China, the most populated country, and also the largest plastic polluter in the world, will be making massive strides to green its economy.
At the beginning of 2020, its announced an ambitious five-year plan to significantly reduce the production and usage of single-use disposable plastic.
As part of this plan, non-biodegradable plastic bags will be phased out in major cities by the end of this year, and subsequently in all towns and cities in 2022.
This includes plastic bags given out at supermarkets, shopping malls and food delivery services.
The ban will eventually be implemented nationwide by 2025.
China also aims to reduce plastic use in restaurants by 30 per cent by 2025.
Eliminating various types of plastic
Not only will plastic bags be eliminated, but production and sale of disposable foamed plastic tableware, straws and plastic cotton buds will be stopped too.
According to Xinhua Net, non-degradable single-use plastic straws will be banned by the end of 2020, while non-degradable single-use plastic tableware will be banned from dining-in in cities.
By the end of 2022, the ban on plastic tableware will be extended to dining-in in counties.
The production of daily chemicals containing plastic microbeads will be stopped by 2020, while sales of such products will stop by 2022.
Additionally, hotels must stop handing out free disposable plastic products, while couriers are instructed to stop using non-biodegradable plastic packaging by 2025, reported South China Morning Post.

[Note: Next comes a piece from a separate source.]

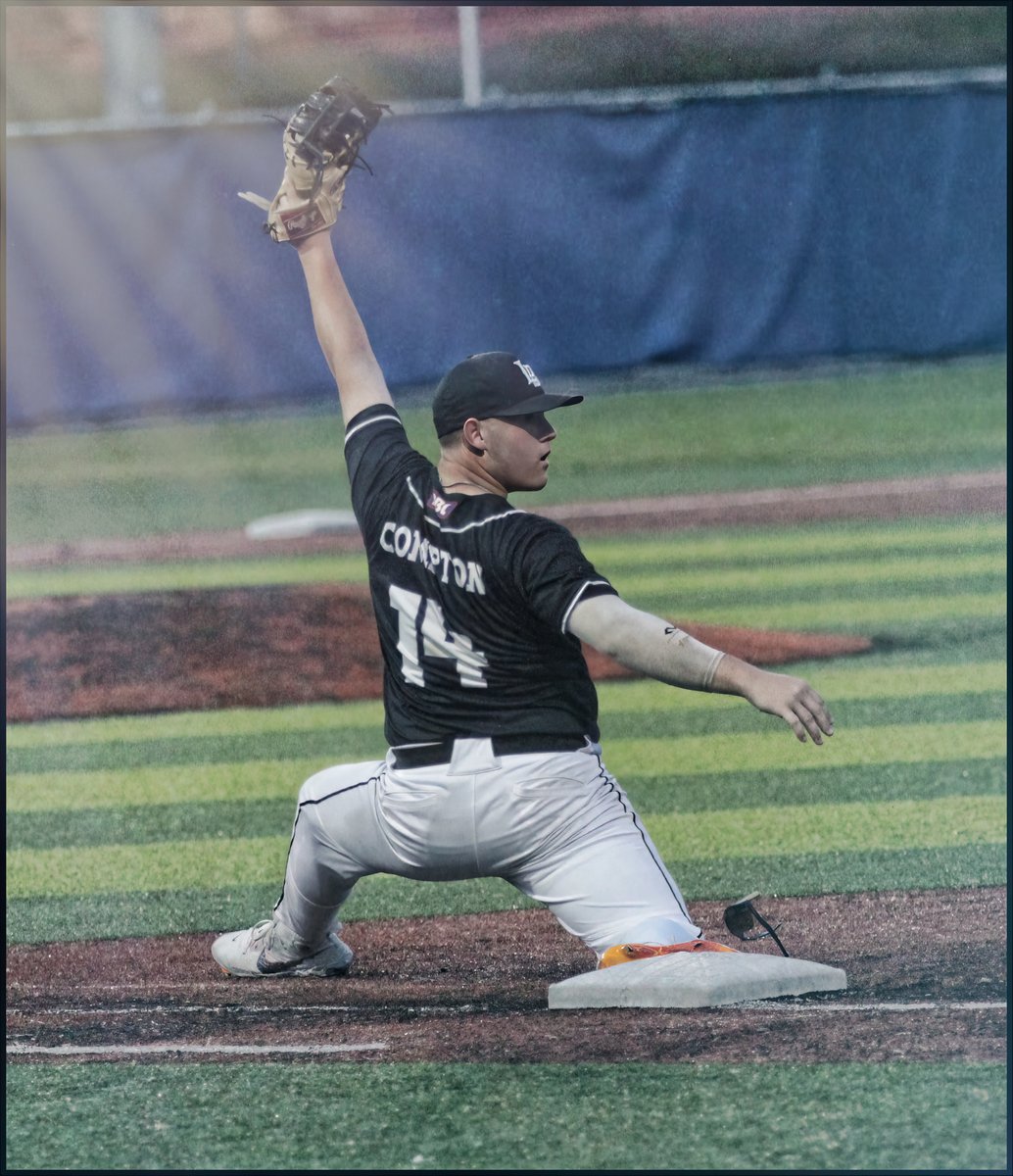dzuskind's tweet photo. Never underestimate the Stretch @Langleyblaze @ashton_compton #Boomerangelo https://t.co/CRaWFI5mbS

In the meantime, China will be encouraging the use of alternative non-plastic products.
Aside from bans, the country will also establish a proper system for the production, distribution, consumption, recycling and disposal of plastic items by 2025.
Produces the most plastic waste
Currently, China produces the largest amount of plastic waste in the world.
In 2018, the country produced 8.8 million tonnes of mismanaged plastic waste (plastic waste that is littered or inadequately disposed of) annually.
This is nearly three times the amount produced by the world's second largest plastic polluter, Indonesia.
Of this 8.8 million tonnes, 3.53 million ends up in the marine environment.
The country first started taking steps to reduce its waste production two years ago.
In 2018, China announced that it would stop importing waste from other countries, a shocking move which left prominent waste exporters like the U.S., UK, Japan and Germany reeling.
Prior to this, China has been importing nearly two-thirds of the world's waste to process them. However, the domestic recycling industry led to hazardous conditions for locals and environmental damage.
The subsequent ban of waste imports led to devastating knock-on impacts for exporters, with much of the waste being rerouted to Malaysia instead.